How can we achieve using Apache Pig :
File :
A 2014/10/01
A 2014/09/01
A 2014/08/01
A 2014/02/01
Result should A count 3, since i want to count the number of records using rolling window of 30 days between records group by A.
How can we achieve using Apache Pig :
File :
A 2014/10/01
A 2014/09/01
A 2014/08/01
A 2014/02/01
Result should A count 3, since i want to count the number of records using rolling window of 30 days between records group by A.

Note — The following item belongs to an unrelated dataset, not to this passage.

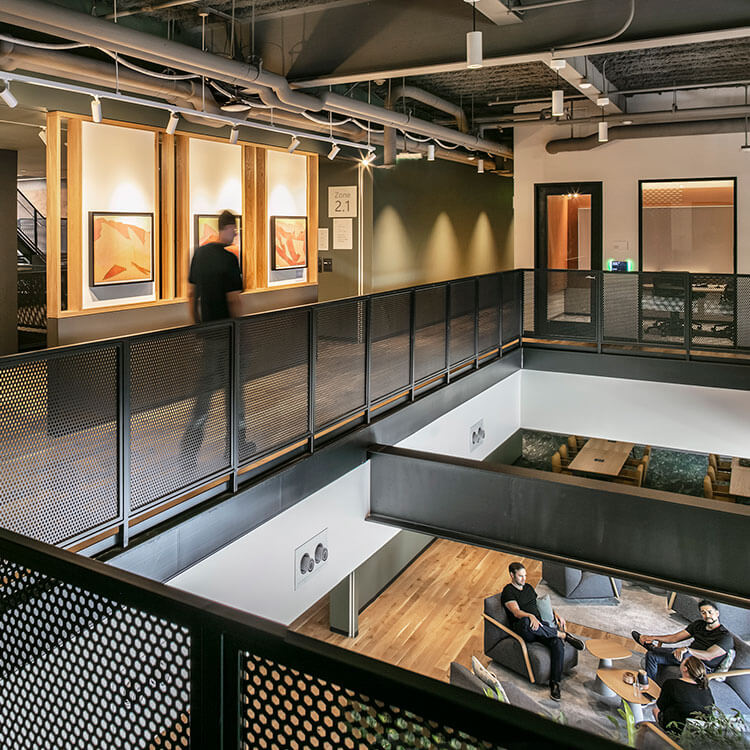 Modern office interior with artwork and lounge area on a mezzanine level.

Please find the solution, i hope you can do further enhancement if it required. Try to execute with your input and let me know how it works.
input.txt
A 2014/12/01
A 2014/11/01
A 2014/10/01
A 2014/07/01
A 2014/05/01
A 2014/04/01
B 2014/09/01
B 2014/07/01
B 2014/06/01
B 2014/02/01
C 2014/09/01
C 2014/07/01
C 2014/05/01
Expected output
A 5
B 2
C 0
PigScript:
REGISTER rollingCount.jar;
A = LOAD 'input.txt' Using PigStorage(' ') AS (f1:chararray,f2:chararray);
B = GROUP A BY f1;
C = FOREACH B GENERATE mypackage.ROLLINGCOUNT(BagToString($1)) AS rollingCnt;
DUMP C;
OutPut from the Script:
(A,5)
(B,2)
(C,0)
Java Code:
1. Compile the below java code and create jar file name rollingCount.jar
2. I just wrote the code temporarily, you can optimize if required.
ROLLINGCOUNT.java
package mypackage;
import java.io.*;
import org.apache.pig.EvalFunc;
import org.apache.pig.data.Tuple;
import java.text.SimpleDateFormat;
import java.util.concurrent.TimeUnit;
import java.util.*;
public class ROLLINGCOUNT extends EvalFunc<Integer> {
public Integer exec(Tuple input) throws IOException {
//Get the input String from request
String inputString = (String)input.get(0);
Date[] arrayOfDates = getArrayOfDate(inputString);
long diffDays[] = getDaysBetweenList(arrayOfDates);
int rollingCount = getRollingCount(diffDays);
return rollingCount;
}
//Function to convert strings to array of dates
static protected Date[] getArrayOfDate(String inputString)
{
//Get the 1st column, this will be the Id
String ID = inputString.split("_")[0];
//Replace all the Ids with Null, bcoz its a duplicate columns
String modifiedString = inputString.replace(ID+"_","");
//Split the string into multiple columns using '_' as delimiter
String list[] = modifiedString.split("_");
//Convert the string to list of array dates
Date[] dateList = new Date[list.length];
int index=0;
for (String dateString: list)
{
try
{
//Convert the date string to date object in the give format
SimpleDateFormat dFormat = new SimpleDateFormat("yyyy/MM/dd");
dateList[index++] = dFormat.parse(dateString);
}
catch(Exception e)
{
// error handling goes here
}
}
return dateList;
}
//Function to get difference between two dates
static protected long[] getDaysBetweenList(Date[] arrayOfDate)
{
long diffDays[] = new long[arrayOfDate.length-1];
int cnt=0;
for (int index=0; index<arrayOfDate.length-1;index++)
{
long diff = Math.abs(arrayOfDate[index+1].getTime() - arrayOfDate[index].getTime());
long days = TimeUnit.DAYS.convert(diff, TimeUnit.MILLISECONDS);
diffDays[cnt++] = days;
}
return diffDays;
}
//Function to get the total rolling count
static protected int getRollingCount(long diffDays[])
{
int result =0;
for(int index=0;index<diffDays.length;index++)
{
int cnt =0;
//hardcoded the values of 30 and 31 days, may need to handle Feb month 28 or 29 days
while((index<diffDays.length)&&((diffDays[index]==30)||(diffDays[index]==31)))
{
cnt++;
index++;
}
if(cnt>0)
{
result = result + cnt+1;
}
}
return result;
}
}